§ DATA:
========================
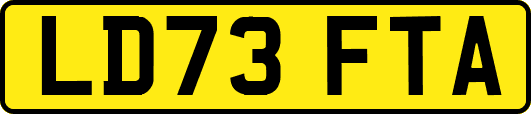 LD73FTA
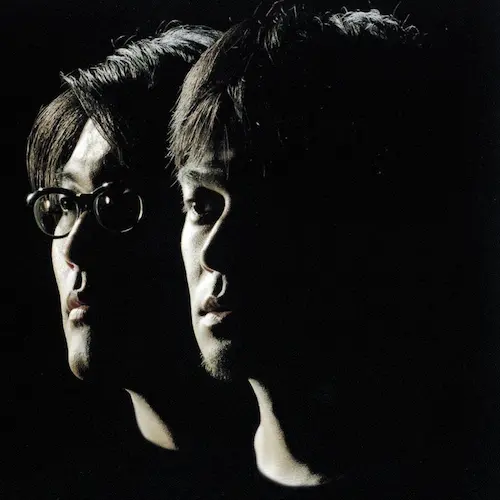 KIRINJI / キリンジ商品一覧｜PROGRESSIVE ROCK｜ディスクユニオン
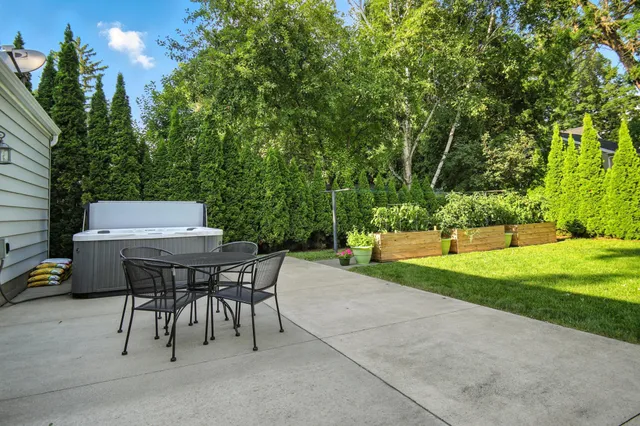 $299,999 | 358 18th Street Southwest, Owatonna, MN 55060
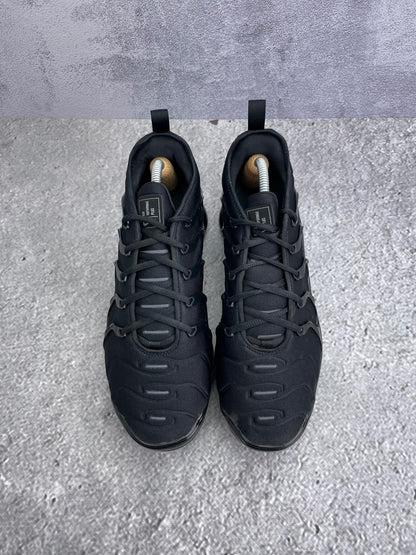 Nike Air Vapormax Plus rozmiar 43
========================
§ EXERCISE: Down to the last line, set down the data above exactly, and omit all images.

§ SOLUTION TO THE EXERCISE:
 LD73FTA
 KIRINJI / キリンジ商品一覧｜PROGRESSIVE ROCK｜ディスクユニオン
 $299,999 | 358 18th Street Southwest, Owatonna, MN 55060
 Nike Air Vapormax Plus rozmiar 43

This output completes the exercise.